13 Setembro 2018
Lucetta Scaraffia, comenta o último ensaio de Marcel Gauchet, em artigo publicado por L'Osservatore Romano, 12/13-09- 2018. A tradução é de Luisa Rabolini.
O fim da dominação masculina - transformação histórica a que estamos testemunhando no mundo ocidental - é certamente um evento social de rara espécie, que toca profundamente a sociedade, ou seja, na maneira em que ela é constituída e perpetuada.
Estas são as considerações do filósofo francês Marcel Gauchet, que em um recente ensaio aborda a questão em toda a sua complexidade, destacando, em primeiro lugar, que temos a oportunidade "pela primeira vez na aventura humana, de entrar nas razões que presidiram essa organização arqui-milenar dos papéis sexuais", tão radicada que conseguiu passar por um tempos imemorável como inscrita na ordem das coisas. Tão radicada que, escreve o filósofo, "existe uma ligação íntima entre a dominação masculina e religião." Como moldaram juntos, em diferentes níveis, a existência coletiva, assim hoje estão passando por uma profunda crise que envolve ambas. Ambas respondiam a uma exigência profunda, de garantir a existência de uma sociedade, assegurando a continuidade de sua cultura e a identidade de sua organização para além da renovação de seus membros. As mulheres detêm o poder de garantir a reprodução física do grupo humano, os homens aquela cultural: nas sociedades tradicionais o poder de procriar era compensado por um poder equivalente, mas a superioridade da ordem cultural – transcendente em relação à precariedade da vida biológica - tornava-se a base da dominação masculina. A essência da masculinidade estava na possibilidade de elevar-se acima de seu sexo para alcançar o status de um indivíduo universal.

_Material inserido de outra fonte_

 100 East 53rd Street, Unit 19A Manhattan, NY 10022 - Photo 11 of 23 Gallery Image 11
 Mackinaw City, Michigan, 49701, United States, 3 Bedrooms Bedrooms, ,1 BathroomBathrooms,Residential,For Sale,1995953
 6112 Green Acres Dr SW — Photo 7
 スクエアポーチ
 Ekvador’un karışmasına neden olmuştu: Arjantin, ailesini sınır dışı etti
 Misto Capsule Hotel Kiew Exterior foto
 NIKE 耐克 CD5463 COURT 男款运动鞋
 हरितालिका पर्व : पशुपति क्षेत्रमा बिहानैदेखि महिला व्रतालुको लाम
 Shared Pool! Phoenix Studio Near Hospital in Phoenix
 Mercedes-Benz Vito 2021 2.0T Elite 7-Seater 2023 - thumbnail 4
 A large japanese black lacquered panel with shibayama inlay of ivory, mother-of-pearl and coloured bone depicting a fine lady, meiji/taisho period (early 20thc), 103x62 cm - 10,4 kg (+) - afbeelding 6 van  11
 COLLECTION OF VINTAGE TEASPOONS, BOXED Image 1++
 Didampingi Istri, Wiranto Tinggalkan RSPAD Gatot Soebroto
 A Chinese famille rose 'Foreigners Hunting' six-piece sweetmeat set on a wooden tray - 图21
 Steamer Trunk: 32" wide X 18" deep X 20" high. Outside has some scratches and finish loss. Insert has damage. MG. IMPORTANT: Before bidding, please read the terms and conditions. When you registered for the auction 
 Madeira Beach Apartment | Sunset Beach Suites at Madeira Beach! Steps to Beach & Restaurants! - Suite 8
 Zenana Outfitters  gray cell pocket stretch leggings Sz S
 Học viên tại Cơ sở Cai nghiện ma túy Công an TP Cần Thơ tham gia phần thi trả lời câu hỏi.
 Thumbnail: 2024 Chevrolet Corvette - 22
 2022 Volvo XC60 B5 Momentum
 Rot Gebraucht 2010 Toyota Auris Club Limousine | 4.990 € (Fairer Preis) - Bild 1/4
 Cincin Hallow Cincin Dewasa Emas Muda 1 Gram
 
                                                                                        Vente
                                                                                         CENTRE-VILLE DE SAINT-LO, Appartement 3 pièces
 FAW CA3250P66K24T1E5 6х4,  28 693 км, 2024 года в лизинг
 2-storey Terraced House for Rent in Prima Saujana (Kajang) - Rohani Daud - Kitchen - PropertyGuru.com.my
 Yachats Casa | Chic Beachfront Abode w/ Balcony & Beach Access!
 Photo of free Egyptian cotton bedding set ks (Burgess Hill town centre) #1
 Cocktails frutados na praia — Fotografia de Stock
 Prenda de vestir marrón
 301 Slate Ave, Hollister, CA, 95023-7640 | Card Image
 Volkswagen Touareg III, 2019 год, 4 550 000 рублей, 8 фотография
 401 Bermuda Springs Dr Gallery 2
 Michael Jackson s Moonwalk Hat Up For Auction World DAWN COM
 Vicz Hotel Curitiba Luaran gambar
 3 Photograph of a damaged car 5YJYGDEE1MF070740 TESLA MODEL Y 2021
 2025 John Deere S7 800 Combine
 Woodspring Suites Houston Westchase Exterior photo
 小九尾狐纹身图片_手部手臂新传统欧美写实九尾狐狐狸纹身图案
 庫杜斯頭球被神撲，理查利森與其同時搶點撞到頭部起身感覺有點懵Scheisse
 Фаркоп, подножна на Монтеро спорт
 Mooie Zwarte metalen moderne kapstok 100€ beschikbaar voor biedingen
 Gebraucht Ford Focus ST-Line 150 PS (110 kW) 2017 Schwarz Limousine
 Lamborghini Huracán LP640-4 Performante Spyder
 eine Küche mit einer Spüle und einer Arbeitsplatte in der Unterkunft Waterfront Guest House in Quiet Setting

Esse tipo de organização deixou de existir, provocando transformações radicais tanto nas condições de reprodução biológica quanto nas de reprodução cultural, alterando radicalmente as referências ao masculino e ao feminino. Hoje, a dimensão cultural explícita e consciente foi absorvida por aquela implícita do processo social. Como Gauchet observa com extrema lucidez, "o que mudou fundamentalmente é o modo pelo qual as sociedades garantem a sua travessia no tempo". A dominação masculina perdeu sua razão de ser e, justamente por isso, os fundamentalismos insistem tanto na relação entre os sexos, tema que pareceria periférico a uma visão religiosa do mundo.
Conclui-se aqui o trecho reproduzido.